Brief descriptive captions:
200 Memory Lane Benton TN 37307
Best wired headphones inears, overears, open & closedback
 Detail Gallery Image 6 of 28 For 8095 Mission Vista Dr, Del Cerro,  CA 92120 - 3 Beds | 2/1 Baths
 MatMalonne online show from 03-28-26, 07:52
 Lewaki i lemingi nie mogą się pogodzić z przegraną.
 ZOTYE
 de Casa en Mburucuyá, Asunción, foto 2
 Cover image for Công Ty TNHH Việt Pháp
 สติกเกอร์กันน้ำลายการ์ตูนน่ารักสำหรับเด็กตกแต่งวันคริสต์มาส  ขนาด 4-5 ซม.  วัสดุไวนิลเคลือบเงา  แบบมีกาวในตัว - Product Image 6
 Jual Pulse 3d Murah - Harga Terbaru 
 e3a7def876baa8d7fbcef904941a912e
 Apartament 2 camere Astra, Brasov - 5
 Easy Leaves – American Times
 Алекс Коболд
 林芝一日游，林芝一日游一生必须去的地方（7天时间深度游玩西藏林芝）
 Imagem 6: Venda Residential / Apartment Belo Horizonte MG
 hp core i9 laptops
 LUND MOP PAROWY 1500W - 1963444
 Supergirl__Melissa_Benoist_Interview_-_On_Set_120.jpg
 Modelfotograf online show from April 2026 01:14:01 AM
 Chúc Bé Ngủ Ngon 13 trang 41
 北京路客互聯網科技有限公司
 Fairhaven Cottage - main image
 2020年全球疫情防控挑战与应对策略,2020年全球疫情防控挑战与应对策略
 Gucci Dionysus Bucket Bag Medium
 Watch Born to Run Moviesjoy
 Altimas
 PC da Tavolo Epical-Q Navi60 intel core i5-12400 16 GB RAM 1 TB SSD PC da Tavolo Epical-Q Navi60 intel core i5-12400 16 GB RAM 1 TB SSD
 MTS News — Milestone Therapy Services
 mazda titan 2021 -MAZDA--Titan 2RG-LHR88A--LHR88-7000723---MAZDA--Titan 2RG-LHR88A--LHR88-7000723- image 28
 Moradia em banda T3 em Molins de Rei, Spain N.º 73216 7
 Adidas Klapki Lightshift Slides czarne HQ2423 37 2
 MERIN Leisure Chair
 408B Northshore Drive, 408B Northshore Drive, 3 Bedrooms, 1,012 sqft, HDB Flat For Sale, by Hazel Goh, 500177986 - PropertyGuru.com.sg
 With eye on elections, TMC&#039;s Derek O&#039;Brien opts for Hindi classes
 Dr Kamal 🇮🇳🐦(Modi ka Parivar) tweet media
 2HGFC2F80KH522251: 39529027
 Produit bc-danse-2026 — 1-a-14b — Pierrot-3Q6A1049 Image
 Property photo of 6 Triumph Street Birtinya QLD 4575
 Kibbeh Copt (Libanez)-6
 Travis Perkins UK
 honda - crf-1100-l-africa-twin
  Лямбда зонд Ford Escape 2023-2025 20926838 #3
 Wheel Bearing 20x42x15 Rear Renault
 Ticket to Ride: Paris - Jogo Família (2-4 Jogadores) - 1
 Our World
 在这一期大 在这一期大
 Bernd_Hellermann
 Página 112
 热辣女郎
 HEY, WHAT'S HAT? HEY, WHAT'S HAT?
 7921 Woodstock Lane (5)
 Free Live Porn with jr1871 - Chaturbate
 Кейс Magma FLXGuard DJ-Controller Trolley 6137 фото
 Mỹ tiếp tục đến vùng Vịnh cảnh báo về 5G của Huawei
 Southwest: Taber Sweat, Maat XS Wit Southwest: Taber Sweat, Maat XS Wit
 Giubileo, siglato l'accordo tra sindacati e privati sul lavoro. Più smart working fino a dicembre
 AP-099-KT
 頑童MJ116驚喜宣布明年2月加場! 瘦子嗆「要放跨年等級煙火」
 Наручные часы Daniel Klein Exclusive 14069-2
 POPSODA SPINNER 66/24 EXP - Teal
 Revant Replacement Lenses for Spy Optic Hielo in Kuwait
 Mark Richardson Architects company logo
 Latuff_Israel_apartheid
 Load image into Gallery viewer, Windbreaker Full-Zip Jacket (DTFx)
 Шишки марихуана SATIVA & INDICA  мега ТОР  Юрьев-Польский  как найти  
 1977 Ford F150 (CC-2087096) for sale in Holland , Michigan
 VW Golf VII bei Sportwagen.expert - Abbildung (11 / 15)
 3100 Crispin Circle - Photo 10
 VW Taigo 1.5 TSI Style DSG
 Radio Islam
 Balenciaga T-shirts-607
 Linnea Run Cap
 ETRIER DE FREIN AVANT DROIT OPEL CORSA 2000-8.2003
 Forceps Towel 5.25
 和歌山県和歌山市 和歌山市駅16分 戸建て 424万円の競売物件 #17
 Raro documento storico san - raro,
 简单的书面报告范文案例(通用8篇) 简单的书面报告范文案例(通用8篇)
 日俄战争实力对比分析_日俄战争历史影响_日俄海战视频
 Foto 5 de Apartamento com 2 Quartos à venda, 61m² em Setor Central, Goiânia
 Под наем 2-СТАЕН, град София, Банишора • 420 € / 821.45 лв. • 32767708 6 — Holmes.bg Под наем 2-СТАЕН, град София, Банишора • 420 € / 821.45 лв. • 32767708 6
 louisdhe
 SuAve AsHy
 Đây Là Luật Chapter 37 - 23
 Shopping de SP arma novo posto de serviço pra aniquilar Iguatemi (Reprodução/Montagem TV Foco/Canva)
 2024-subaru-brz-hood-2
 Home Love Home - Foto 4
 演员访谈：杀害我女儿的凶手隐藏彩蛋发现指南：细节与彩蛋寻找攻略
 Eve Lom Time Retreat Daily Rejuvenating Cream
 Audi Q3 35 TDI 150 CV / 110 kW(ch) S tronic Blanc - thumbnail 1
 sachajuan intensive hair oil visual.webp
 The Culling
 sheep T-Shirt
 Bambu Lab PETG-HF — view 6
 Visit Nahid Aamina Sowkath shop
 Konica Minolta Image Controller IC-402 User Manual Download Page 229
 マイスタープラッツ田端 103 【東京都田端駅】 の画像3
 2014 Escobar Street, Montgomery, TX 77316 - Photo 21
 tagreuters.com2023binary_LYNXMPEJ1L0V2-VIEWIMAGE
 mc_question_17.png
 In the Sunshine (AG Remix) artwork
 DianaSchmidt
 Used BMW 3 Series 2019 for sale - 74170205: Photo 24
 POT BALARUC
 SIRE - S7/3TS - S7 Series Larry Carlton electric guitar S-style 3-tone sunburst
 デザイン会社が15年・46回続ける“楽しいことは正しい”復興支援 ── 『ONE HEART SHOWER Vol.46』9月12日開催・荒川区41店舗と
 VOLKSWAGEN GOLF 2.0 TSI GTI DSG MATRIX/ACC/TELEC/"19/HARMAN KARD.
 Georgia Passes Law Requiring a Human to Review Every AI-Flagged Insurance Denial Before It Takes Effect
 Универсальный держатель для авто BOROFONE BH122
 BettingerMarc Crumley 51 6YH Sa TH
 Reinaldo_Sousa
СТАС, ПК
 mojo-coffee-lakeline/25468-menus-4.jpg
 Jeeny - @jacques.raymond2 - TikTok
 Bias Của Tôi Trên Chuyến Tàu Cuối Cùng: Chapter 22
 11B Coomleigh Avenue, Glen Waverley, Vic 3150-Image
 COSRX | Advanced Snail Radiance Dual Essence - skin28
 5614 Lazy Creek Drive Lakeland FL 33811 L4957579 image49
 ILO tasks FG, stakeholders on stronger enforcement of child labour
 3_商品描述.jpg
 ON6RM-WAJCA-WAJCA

Aim of the task: Word for word, restate the data above from its first line down to and including the line with "Kibbeh Copt (Libanez)-6".

Result:
200 Memory Lane Benton TN 37307
Best wired headphones inears, overears, open & closedback
 Detail Gallery Image 6 of 28 For 8095 Mission Vista Dr, Del Cerro,  CA 92120 - 3 Beds | 2/1 Baths
 MatMalonne online show from 03-28-26, 07:52
 Lewaki i lemingi nie mogą się pogodzić z przegraną.
 ZOTYE
 de Casa en Mburucuyá, Asunción, foto 2
 Cover image for Công Ty TNHH Việt Pháp
 สติกเกอร์กันน้ำลายการ์ตูนน่ารักสำหรับเด็กตกแต่งวันคริสต์มาส  ขนาด 4-5 ซม.  วัสดุไวนิลเคลือบเงา  แบบมีกาวในตัว - Product Image 6
 Jual Pulse 3d Murah - Harga Terbaru 
 e3a7def876baa8d7fbcef904941a912e
 Apartament 2 camere Astra, Brasov - 5
 Easy Leaves – American Times
 Алекс Коболд
 林芝一日游，林芝一日游一生必须去的地方（7天时间深度游玩西藏林芝）
 Imagem 6: Venda Residential / Apartment Belo Horizonte MG
 hp core i9 laptops
 LUND MOP PAROWY 1500W - 1963444
 Supergirl__Melissa_Benoist_Interview_-_On_Set_120.jpg
 Modelfotograf online show from April 2026 01:14:01 AM
 Chúc Bé Ngủ Ngon 13 trang 41
 北京路客互聯網科技有限公司
 Fairhaven Cottage - main image
 2020年全球疫情防控挑战与应对策略,2020年全球疫情防控挑战与应对策略
 Gucci Dionysus Bucket Bag Medium
 Watch Born to Run Moviesjoy
 Altimas
 PC da Tavolo Epical-Q Navi60 intel core i5-12400 16 GB RAM 1 TB SSD PC da Tavolo Epical-Q Navi60 intel core i5-12400 16 GB RAM 1 TB SSD
 MTS News — Milestone Therapy Services
 mazda titan 2021 -MAZDA--Titan 2RG-LHR88A--LHR88-7000723---MAZDA--Titan 2RG-LHR88A--LHR88-7000723- image 28
 Moradia em banda T3 em Molins de Rei, Spain N.º 73216 7
 Adidas Klapki Lightshift Slides czarne HQ2423 37 2
 MERIN Leisure Chair
 408B Northshore Drive, 408B Northshore Drive, 3 Bedrooms, 1,012 sqft, HDB Flat For Sale, by Hazel Goh, 500177986 - PropertyGuru.com.sg
 With eye on elections, TMC&#039;s Derek O&#039;Brien opts for Hindi classes
 Dr Kamal 🇮🇳🐦(Modi ka Parivar) tweet media
 2HGFC2F80KH522251: 39529027
 Produit bc-danse-2026 — 1-a-14b — Pierrot-3Q6A1049 Image
 Property photo of 6 Triumph Street Birtinya QLD 4575
 Kibbeh Copt (Libanez)-6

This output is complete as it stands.